Baydemir, "Kürt sorununun bugüne kadar bir çözüme kavuşturulamamasının
en önemli sebebi sorunun demokratik bir çerçevede tartışılmasının engellenmesidir''
ifadelerini kullandı.
Diyarbakır Belediye Başkanı Osman Baydemir, ''meseleye 'güvenlik-terör' ya
da salt 'ekonomik geri kalmışlık' çerçevesinden bakılınca Kürt sorununun sosyal,
siyasal, kültürel, hukuki boyutları görülmemektedir. Bu çerçevede, her türlü
çatışma stratejisi, silahlı eylem ve askeri yöntemlerin demokrasi ve barış girişimlerini
sonuçsuz bırakarak çözümsüzlüğü derinleştirdiğine inanıyoruz. Seksen yıllık
Cumhuriyet tarihinde Kürt meselesi devletin inkar, Kürtlerin ise buna karşılık
isyan politikalarıyla şekillenmiş, Kürt sorununun temel tartışma zemini maalesef
şiddet olmuştur'' sözleriyle de TSK'yı eleştirdi.
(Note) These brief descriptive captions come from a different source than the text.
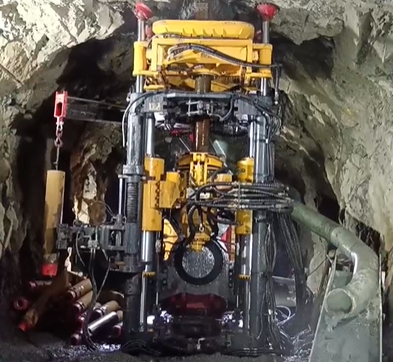 切割天井鉆機(jī)的優(yōu)勢(shì)特點(diǎn)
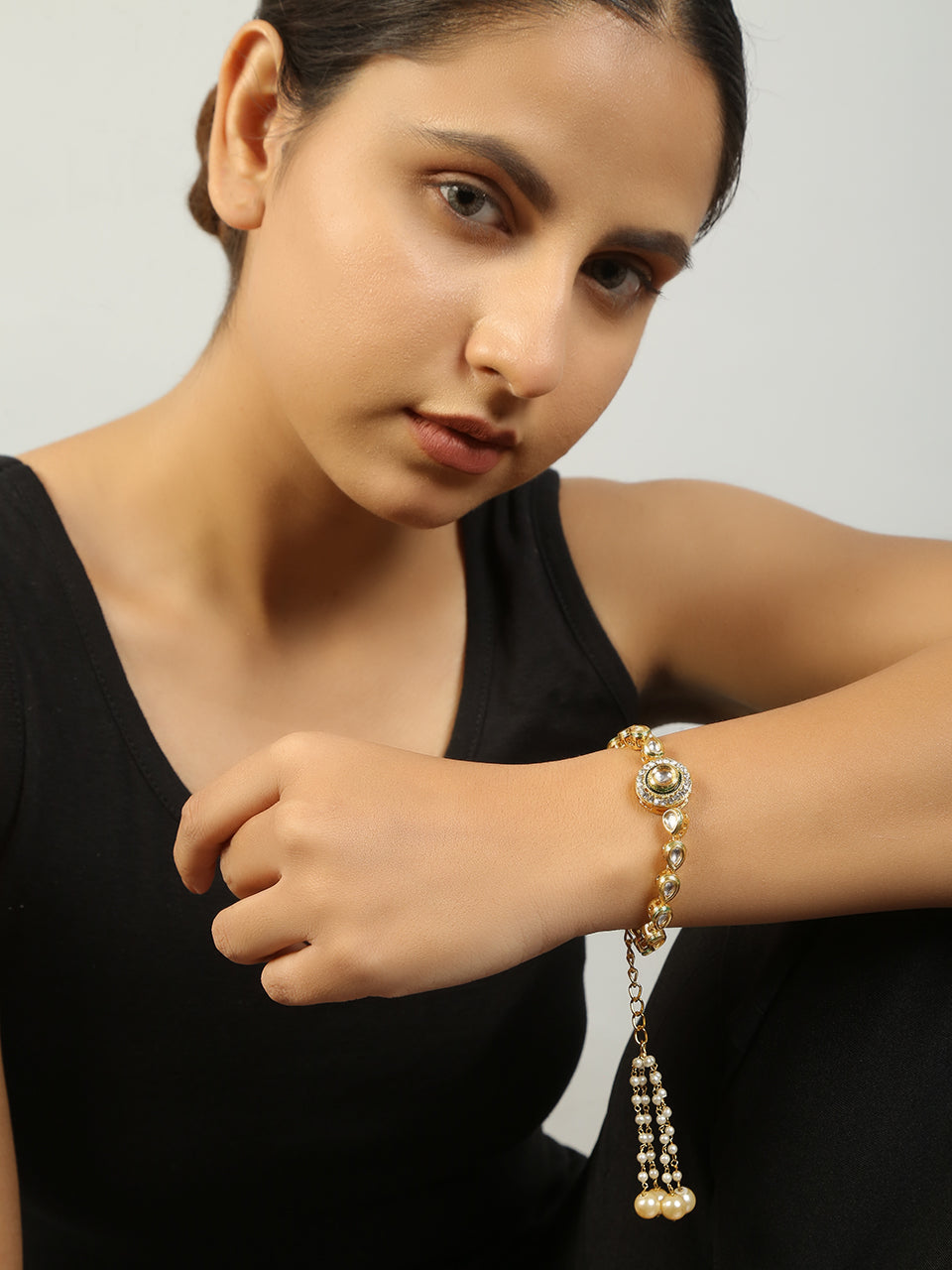 Peryl Women's Gold Toned Kundan Inspired Bracelet With Pearls 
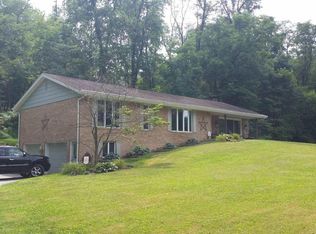 1 Holly Ln, York, PA 17402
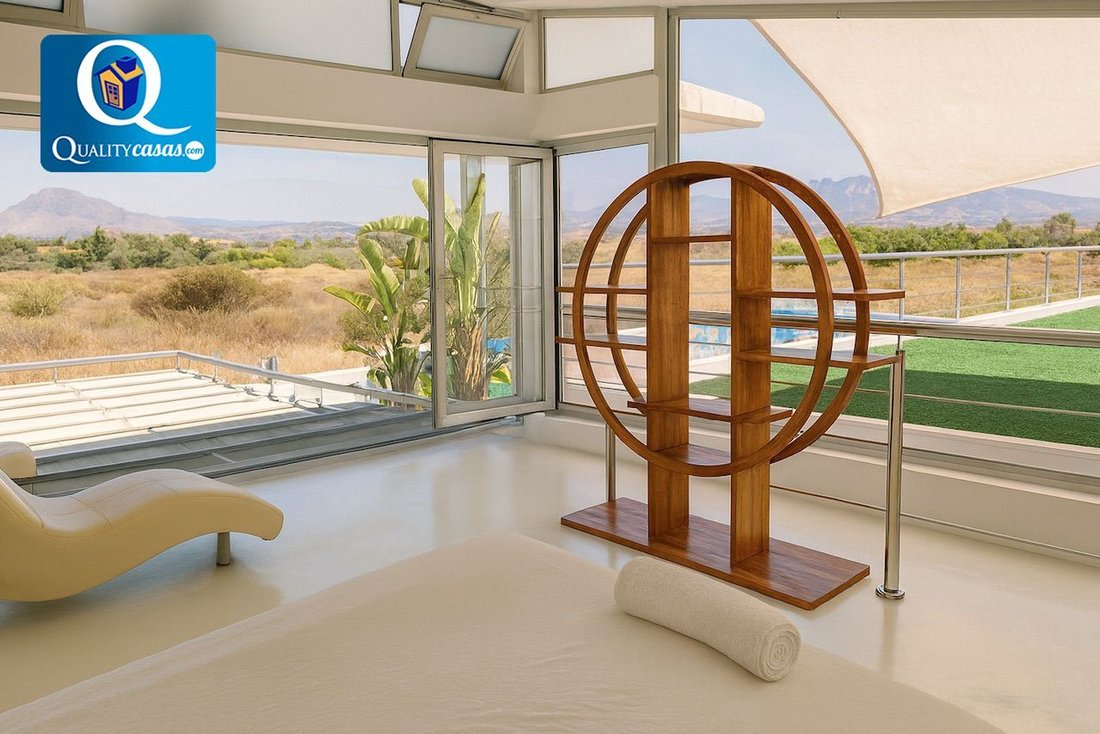 Villa in Mutxamel, Valencian Community, Spain 2 - 17509152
'Çatışma stratejisine karşı olduklarını' söyleyen Baydemir, "endişemiz
ve korkumuz odur ki, Kürt sorununun çözümü için gerekli olan demokratik siyasetin
kanalları kapanırsa, siyasetin dili tekrar şiddet olacaktır ve bu durum Türkiye'de
yaşayan herkese çok büyük zarar verecektir'' açıklamasında bulundu.
Aynı toplantıda konuşan eski DEP milletvekili Hatip Dicle de Türkiye'de Kürtlerin
kimlik, dil ve kültür haklarının inkar edildiğini iddia etti. Dicle, Türkiye'de
1924 Anayasası ile Kürtlerin kimlik, dil ve kültür haklarının inkar edildiğini,
ret ve inkar politikasının sürdüğünü savundu.
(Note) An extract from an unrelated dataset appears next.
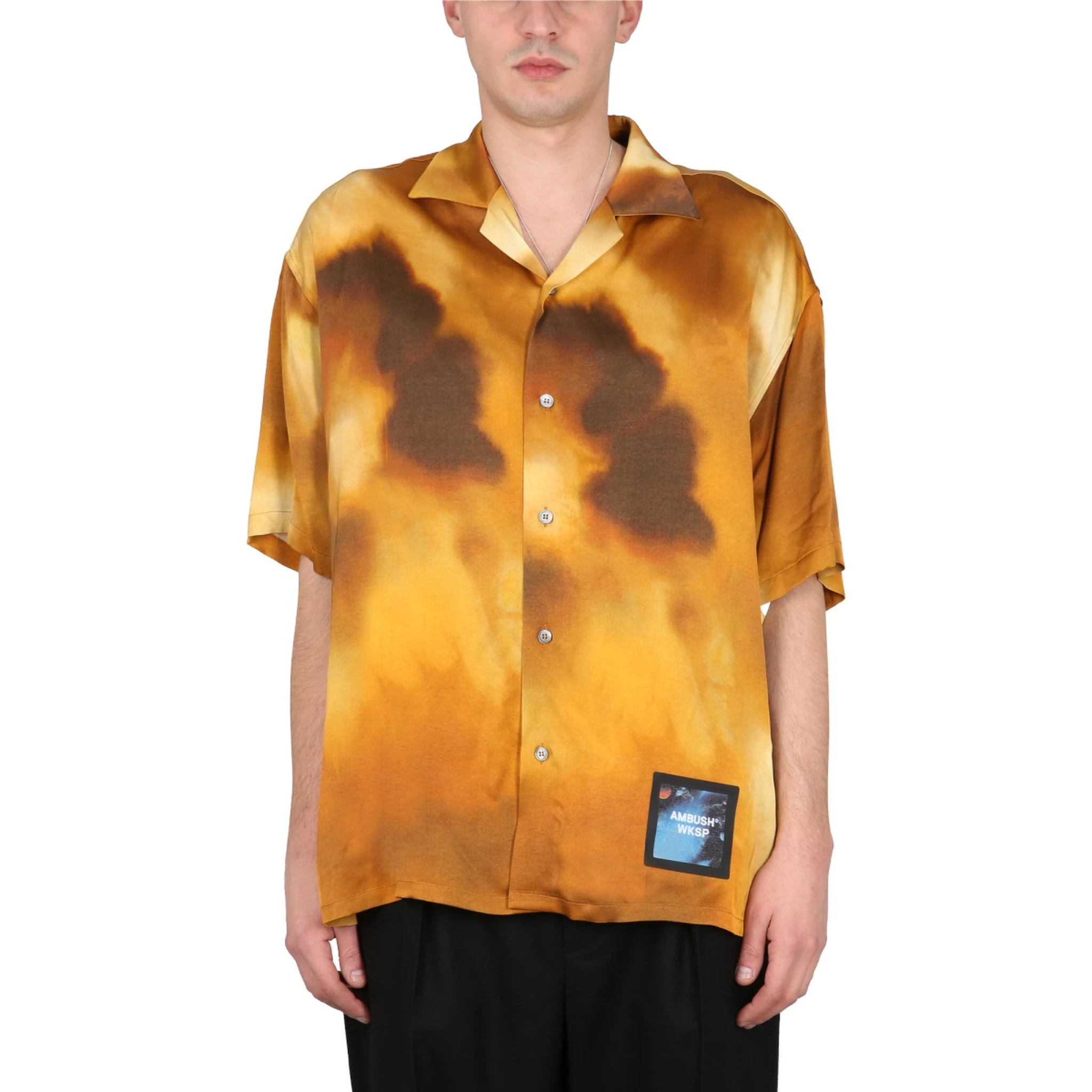 SHIRT WITH LOGO PATCH
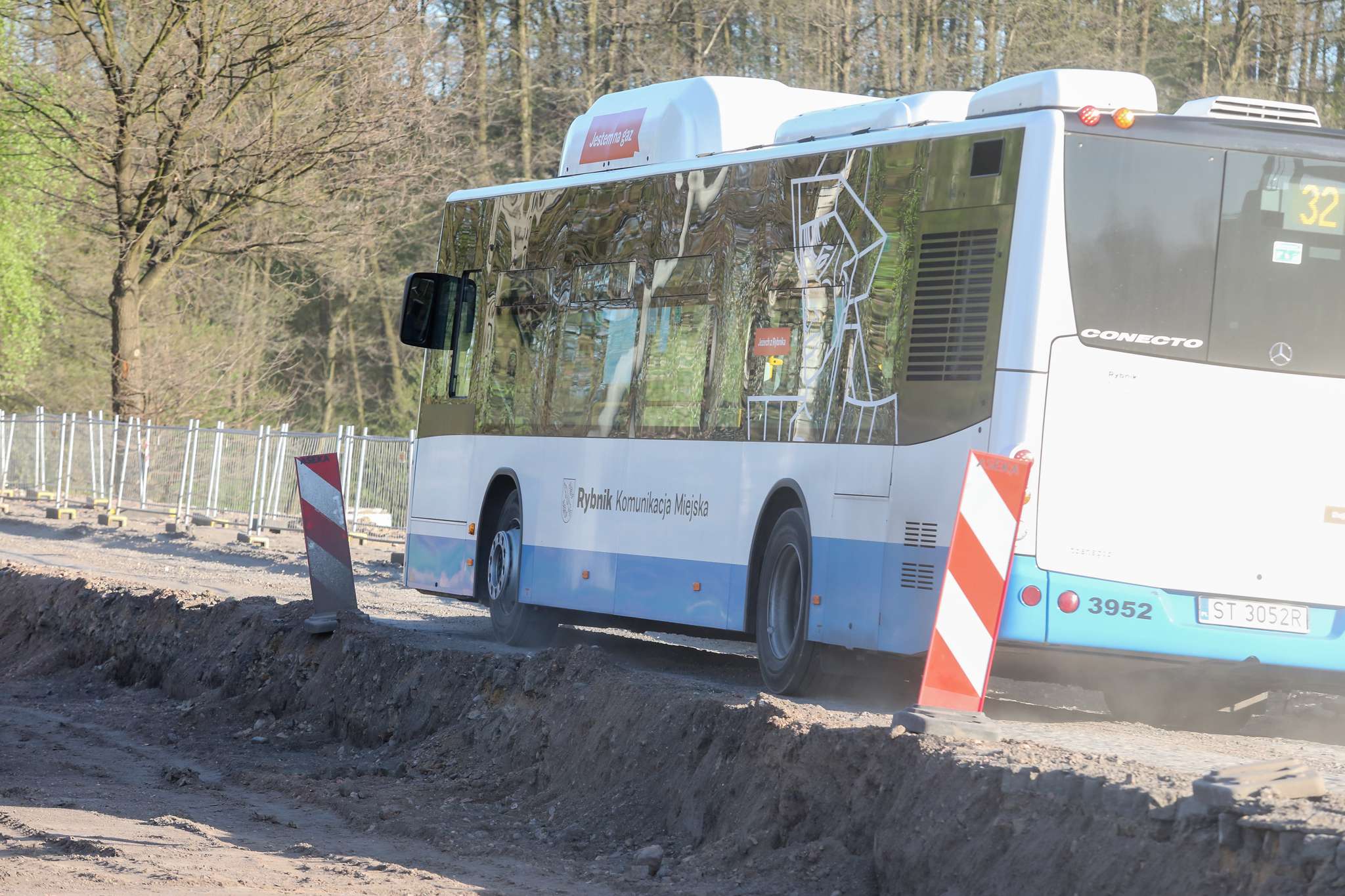 Dominik Gajda Kierowcy autobusów kursujących modernizowanym odcinkiem DW 929 obawiają się o bezpieczeństwo swoje i pasażerów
Türkiye'nin toprak bütünlüğü içinde, sınırlarına dokunulmadan barışçı bir çözüm
bulması gerektiğini dile getiren Dicle, Kürtlerin ulusal varlıklarını tanıyan
yeni bir anayasa beklentisinde olduklarını söyledi.
Abdullah Öcalan'dan ?sayın Öcalan' diye söz eden Hatip Dicle, 'dağlardaki silahlı
militanların, cezaevlerindekilerin ve yurtdışındakilerin koşulsuz olarak siyasi
yaşama katılım hakları elde etmeleri' çağrısını yaptı.
Dicle, Başbakan Recep Tayyip Erdoğan'ın açıklamalarının Kürtlerde ?ihtiyatlı
bir iyimserlik' yarattığını da kaydetti.